*Entries supplied*.
↓↓↓

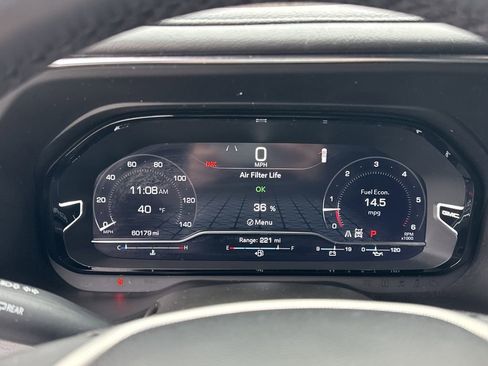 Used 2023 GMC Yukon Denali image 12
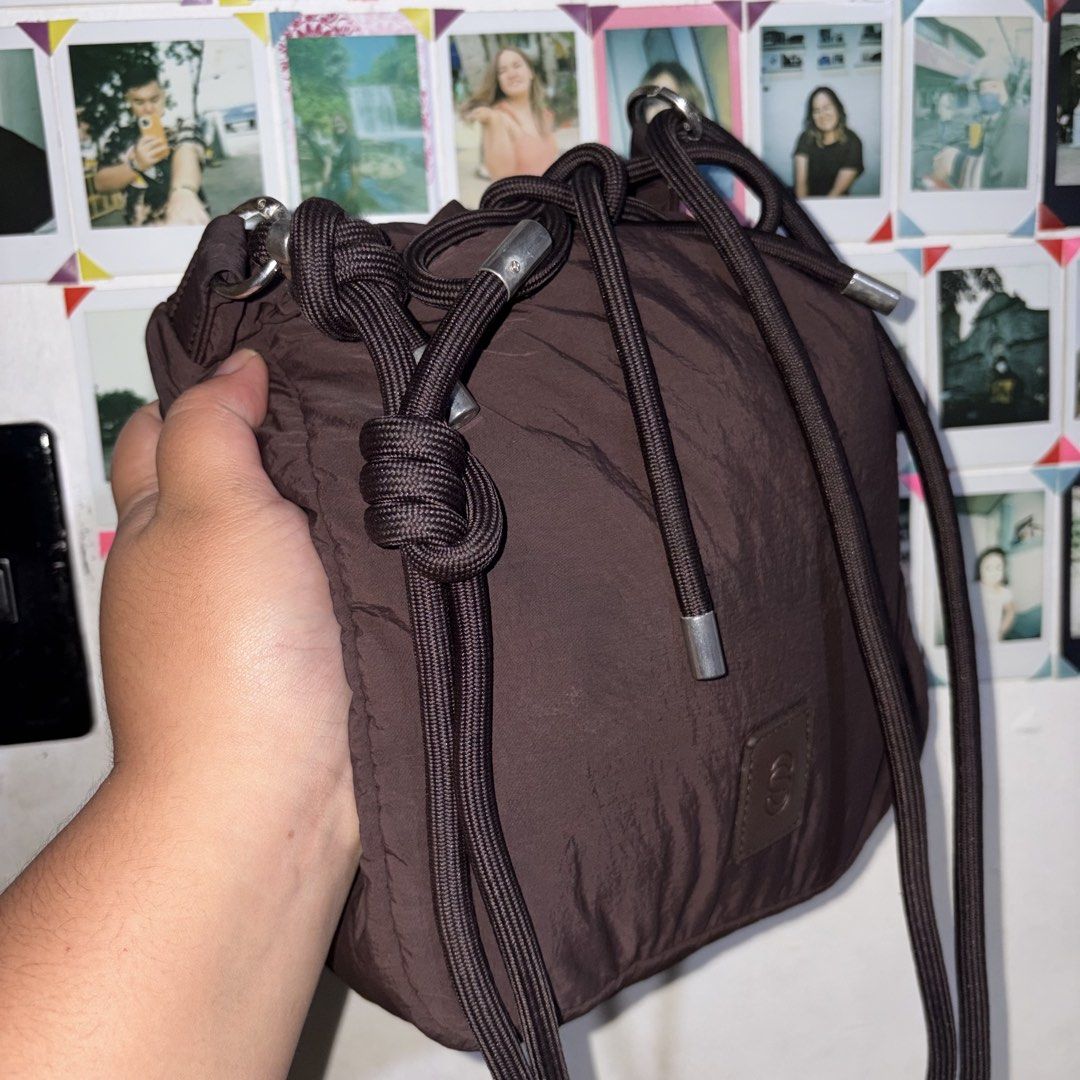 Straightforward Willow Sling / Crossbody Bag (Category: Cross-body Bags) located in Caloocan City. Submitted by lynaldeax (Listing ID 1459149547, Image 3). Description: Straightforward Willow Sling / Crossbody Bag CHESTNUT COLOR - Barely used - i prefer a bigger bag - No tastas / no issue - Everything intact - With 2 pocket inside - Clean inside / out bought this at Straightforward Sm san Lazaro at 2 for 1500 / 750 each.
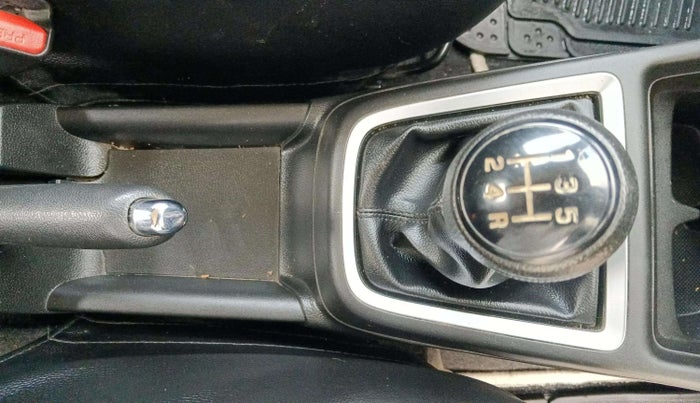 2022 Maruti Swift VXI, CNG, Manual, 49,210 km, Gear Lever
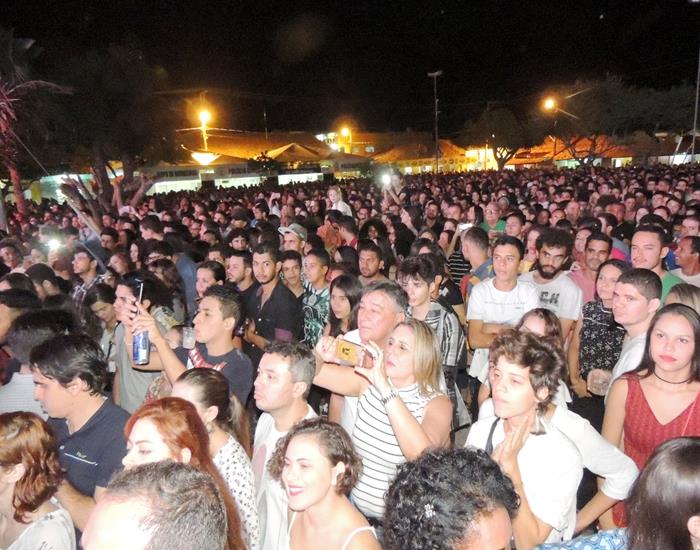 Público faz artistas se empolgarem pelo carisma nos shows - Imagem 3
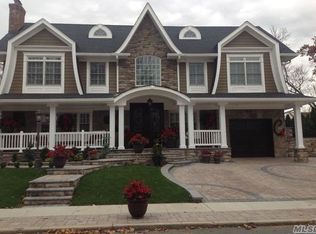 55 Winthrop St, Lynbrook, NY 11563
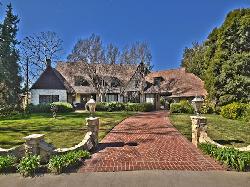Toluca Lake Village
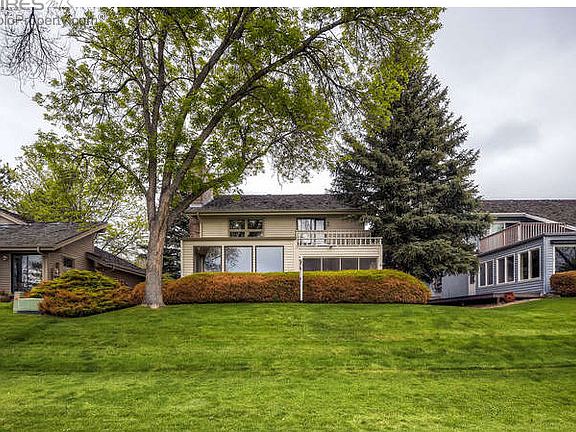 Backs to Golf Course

↑↑↑
↓↓↓

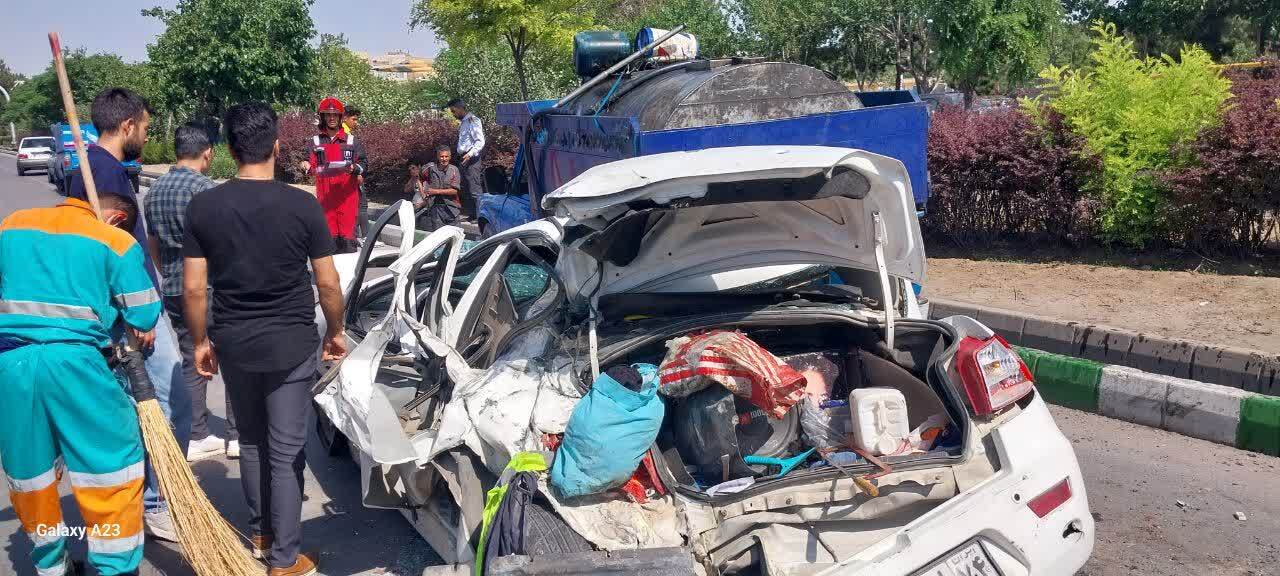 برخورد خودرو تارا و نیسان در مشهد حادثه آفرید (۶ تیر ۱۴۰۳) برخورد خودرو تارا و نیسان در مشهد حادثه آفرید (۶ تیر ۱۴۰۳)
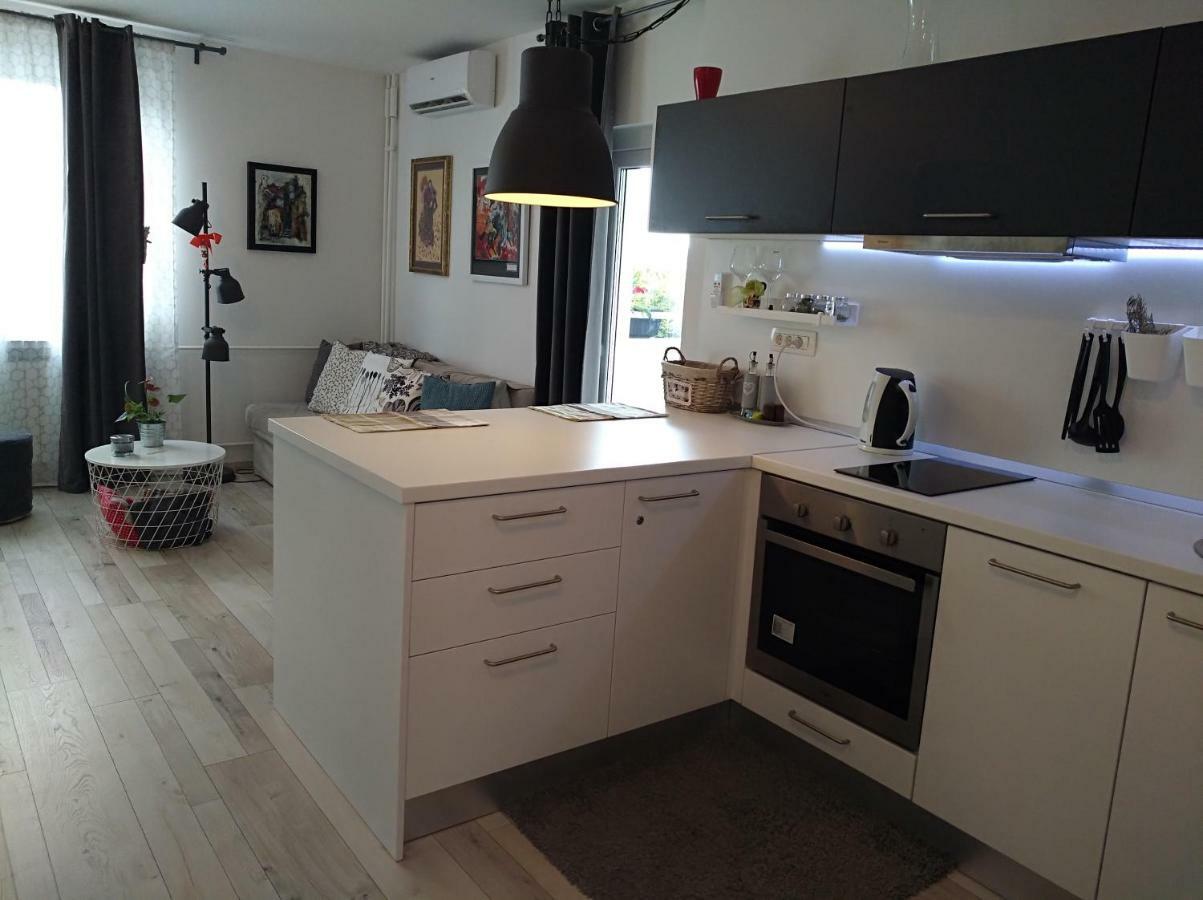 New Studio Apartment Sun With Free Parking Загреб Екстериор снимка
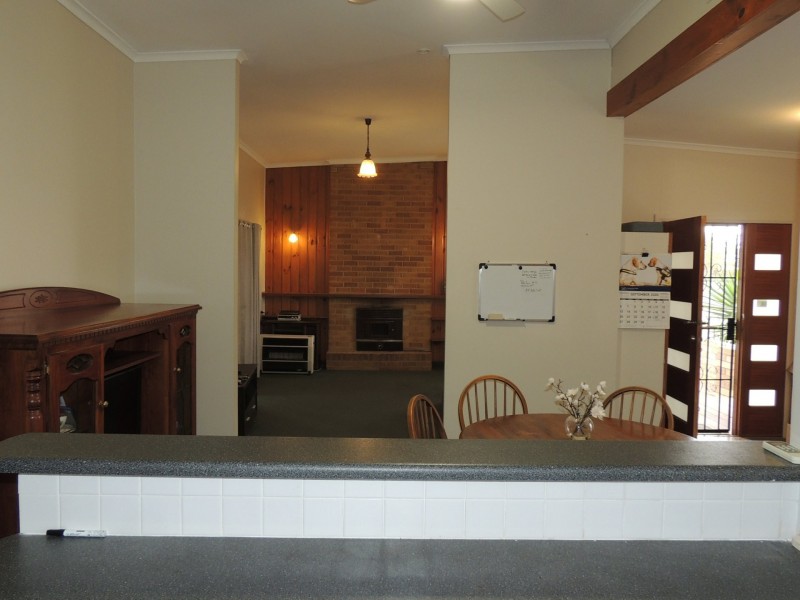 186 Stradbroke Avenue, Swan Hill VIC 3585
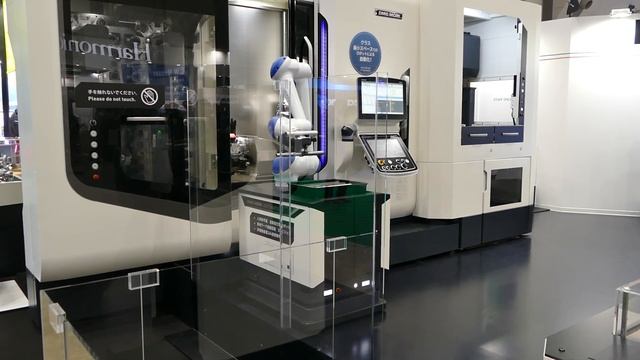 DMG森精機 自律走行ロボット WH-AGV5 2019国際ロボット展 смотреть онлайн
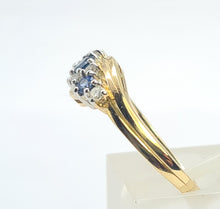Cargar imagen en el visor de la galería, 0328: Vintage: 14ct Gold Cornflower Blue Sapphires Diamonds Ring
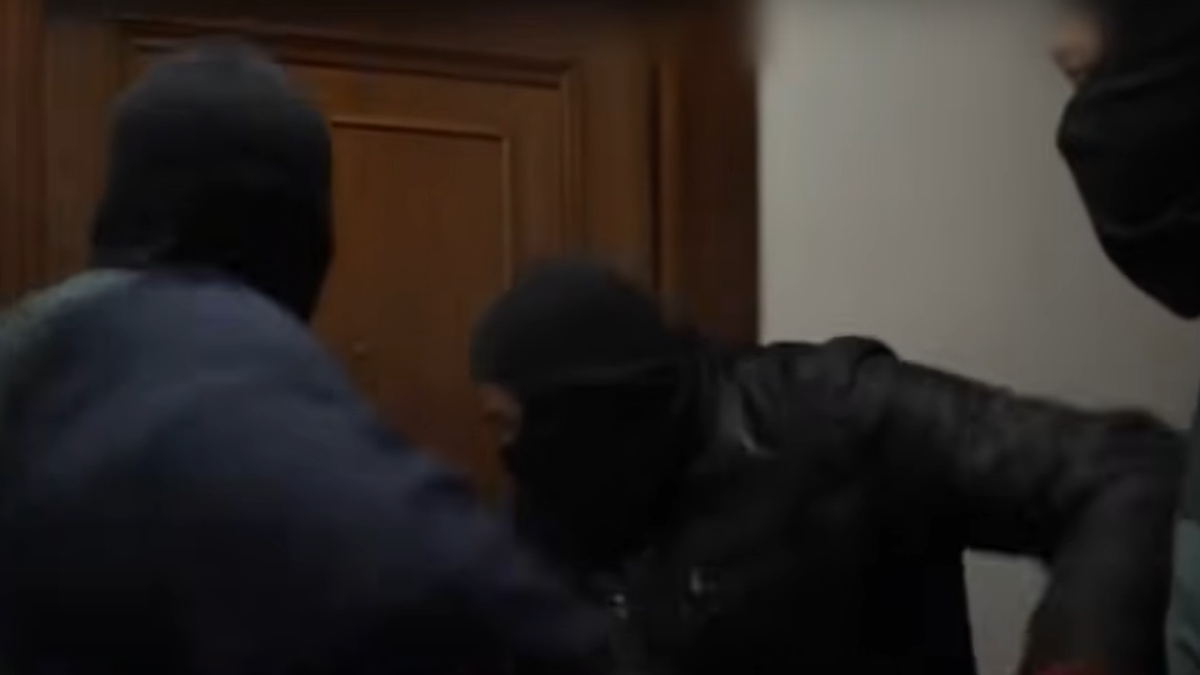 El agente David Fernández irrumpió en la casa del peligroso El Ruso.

↑↑↑
↓↓↓

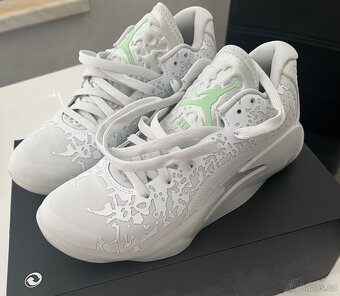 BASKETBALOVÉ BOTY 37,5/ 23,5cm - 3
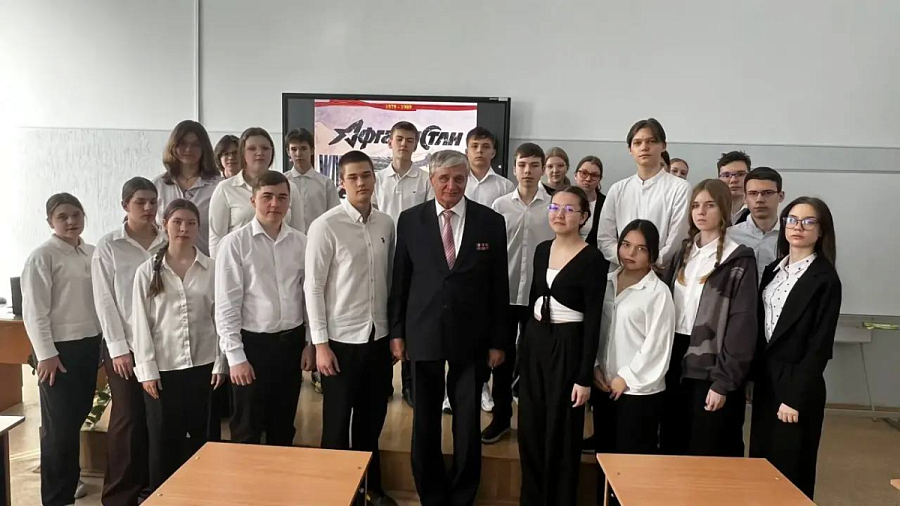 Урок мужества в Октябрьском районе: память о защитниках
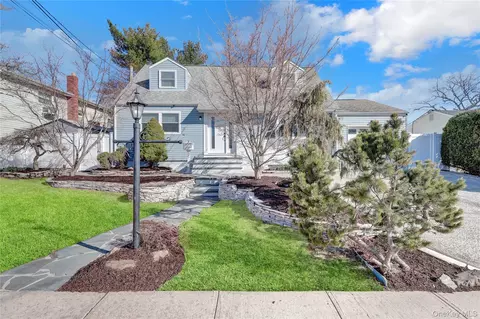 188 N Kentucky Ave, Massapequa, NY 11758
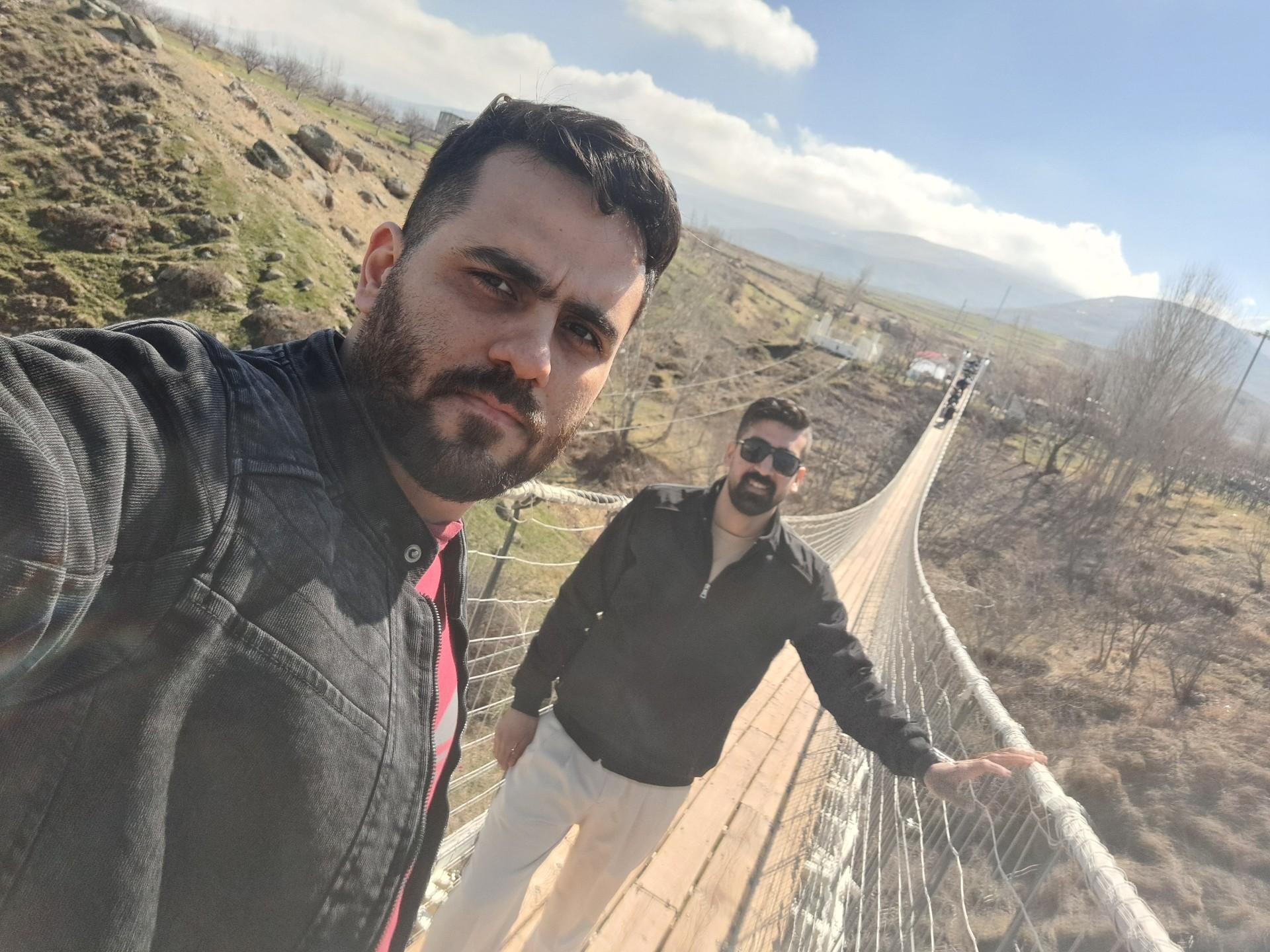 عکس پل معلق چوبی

↑↑↑

For this exercise, transcribe exactly the part of the records above that opens with the line containing "Used 2023 GMC Yukon Denali image 12" and closes with the one containing "Backs to Golf Course". Pictures are not part of the copy.

 Used 2023 GMC Yukon Denali image 12
 Straightforward Willow Sling / Crossbody Bag (Category: Cross-body Bags) located in Caloocan City. Submitted by lynaldeax (Listing ID 1459149547, Image 3). Description: Straightforward Willow Sling / Crossbody Bag CHESTNUT COLOR - Barely used - i prefer a bigger bag - No tastas / no issue - Everything intact - With 2 pocket inside - Clean inside / out bought this at Straightforward Sm san Lazaro at 2 for 1500 / 750 each.
 2022 Maruti Swift VXI, CNG, Manual, 49,210 km, Gear Lever
 Público faz artistas se empolgarem pelo carisma nos shows - Imagem 3
 55 Winthrop St, Lynbrook, NY 11563
Toluca Lake Village
 Backs to Golf Course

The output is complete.